Hi folks,
Thanks much for the fotos {photos} of the Indian corn. They made a big hit with Morena’s family (look at the fotos to find out who Morena is) because our "Indian corn" looks a lot like the white or flint corn they grow here. The corn here is characteristically very tall and often has purple {coloring} in stalks or ears! The native or "indio" corn here (which I’ve seen once in the mountains) looks just exactly like ours, with multi-colored kernels & everything. They say it makes good tortillas, so maybe I can make tortillas from Indian corn when I get back (once I learn the trick to it)!

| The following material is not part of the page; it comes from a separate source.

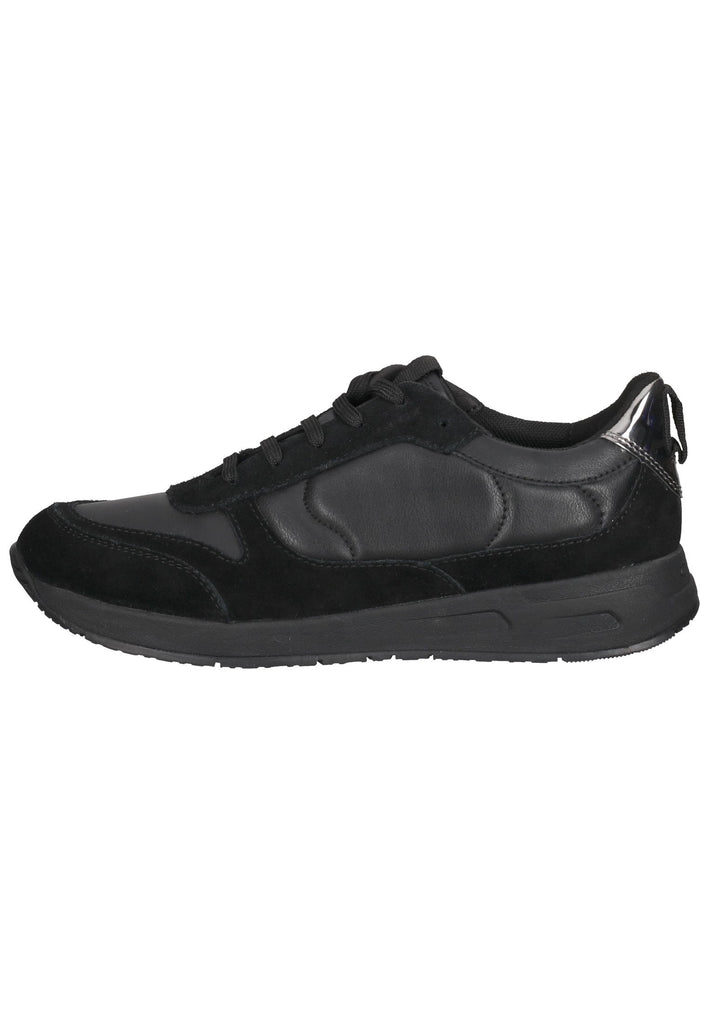 Geox Sneaker Leder/Synthetik Schwarz - surf4shoes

How did hunting come out? It’s about time someone in the family landed a deer considering all the hay & corn they mooch off us! We had a good Turkey Day football game with campo {rural} PCVs {Peace Corps Volunteers} beating city PCVs & embassy Marines 25-24! Afterwards we proceeded to eat & then drink too much, but it was great! After eating rice and beans, turkey, dressing, mashed potatoes, gravy, biscuits & pumpkin pie are just unreal!

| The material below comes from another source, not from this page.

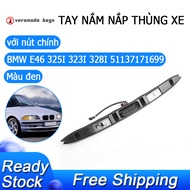 Black Car Trunk Lid Grip with Key Button for-BMW E46 325I 323I 328I 51137171699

Before I forget, I got your film & from the last film I sent home, I’d like two copies of any pictures of my Chinese friends & I that turned out, one for each of them. I’m going back up to Atiocoyo to see them some weekend & will take them up. The tall Chinese guy is a real philosopher, says if a person wants to have the best of everything he should have an American (U.S.) home, eat Chinese food, have a Japanese wife, and keep a French mistress!
I’m sending home a bunch of photos I took here & had developed (mainly because lots of folks wanted copies of some. Never again! As you can see the quality of some is rotten. Some where I had them make more than one copy came out in different colors in the copy, & then they didn’t give me the same copies I requested in all cases! I explain each picture on the back.

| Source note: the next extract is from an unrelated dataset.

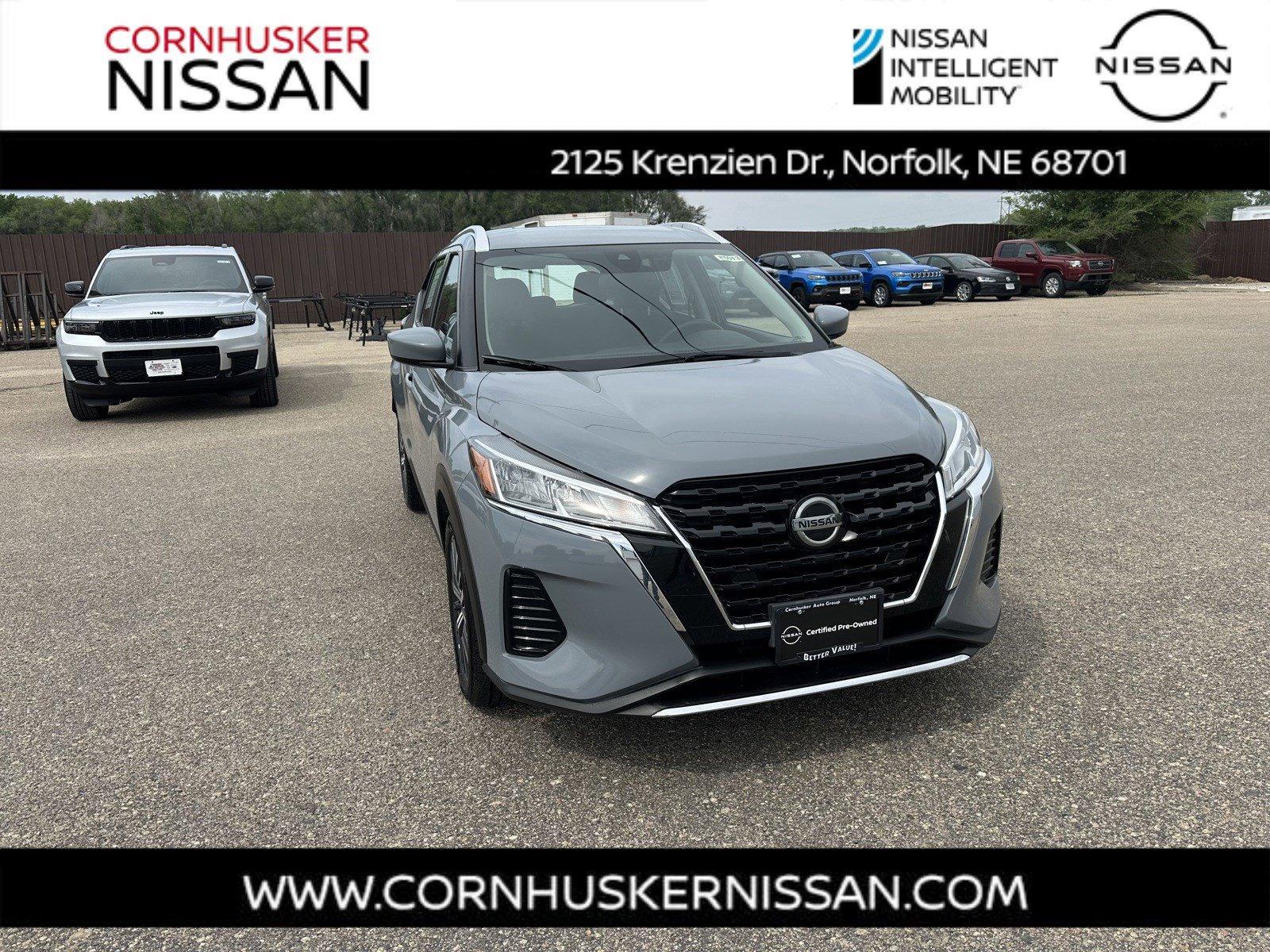 Certified 2021 Nissan Kicks SV with VIN 3N1CP5CV2ML498971 for sale in Norfolk, NE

Sounds like the corn was pretty good, and $8.60 {per hundredweight} sounds incredible for milk, though I’m sure all of your costs have been climbing even faster. The rainy season stayed until the end of November this year; much different than last fall when it hardly rained after Oct. 15. Actually, so much rain hurt the bean crop, which in many cases sprouted on the vine due to the dampness, & the coffee producers were crying because the downpours were knocking nearly ripe coffee beans off the trees. I never feel sorry for the big coffee producers any more though since I learned they don’t pay income taxes (which producers of other crops do) even though coffee is the country’s major export!
I’m leaving Dec. 18 for Costa Rica. I’m going down with Jaime (Jim) Olson, a fellow PCV & Wisconsinite who has his fiancé down there. He met her during training, & just kept liking her company more and more! She’s a native Costarican and a secretarial student. Anyway, I’m going to keep Jaime company, see the family I stayed with {in training}, & meet a girl Pilar (the fiancé) & Jaime buffaloed into writing to me. I’m looking forward to the trip. Costa Rica is going to look even more beautiful after being here a year. Hard to believe they have no army there when the army is so big & brazenly evident here!
Well, hope your holidays are happy!
Dean
P.S. - New Year’s resolution for Donna, Bruce, Tom, Carla & Merna. Write me once a year to prove you’re alive!